Rising COVID anxiety and lower confidence in moviegoing raises the question about other animated films slated to hit theaters in coming months, including MGM’s “The Addams Family 2” on October 1 and 20th Century Studios’ “Ron’s Gone Wrong” on October 22. But the next animated film from a major studio doesn’t come until Disney’s “Encanto” at Thanksgiving, and there’s no knowing whether that film will move to a hybrid release as “Raya” did.

A rep for MGM said “Addams Family” is still slated for October release; a rep for Disney did not immediately respond to requests for comment on its films’ release plans.

There were hopes that films like “Hotel Transylvania 4” would signal the genre’s slow return to theatrical exclusivity, even as most films released specifically for family audiences this summer have either been streaming exclusives or hybrid releases. Sony, after all, is the one major studio that does not have an in-house streaming service like Disney+ or HBO Max — and Amazon is a natural (and deep-pocketed) buyer that can bring the film to audiences quickly via streaming and allow Sony to cash in without a big marketing spend.

Even if “Hotel Transylvania 4” moves to Amazon, Sony hasn’t abandoned its fall slate.

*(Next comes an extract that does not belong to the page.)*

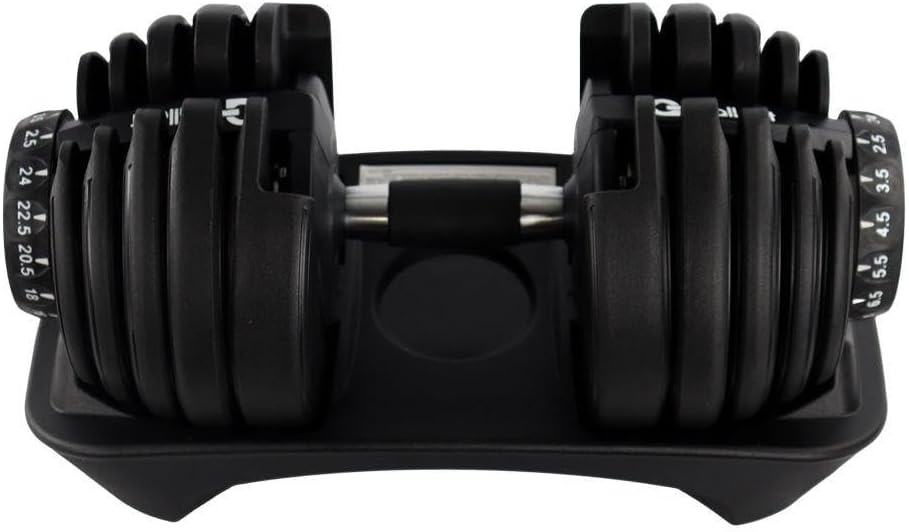 Dumbbell Halter Gallant Regulável Anilhas com Base Elite Pro 2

The studio moved its biggest tentpole, “Venom: Let There Be Carnage,” back three weeks to October 15, but it’s still part of a crowded film slate in the coming months. The box office has not recovered to the point that the biggest blockbusters can consistently turn a profit on theatrical revenue alone, but the 18-35 male demographic that is the key target market for films like “Venom” is still reliably turning out.

But until vaccination efforts can finally get COVID-19 under control, theaters pushing for exclusivity to return as soon as possible will likely have to grapple with a major genre sharing its new titles with home platforms.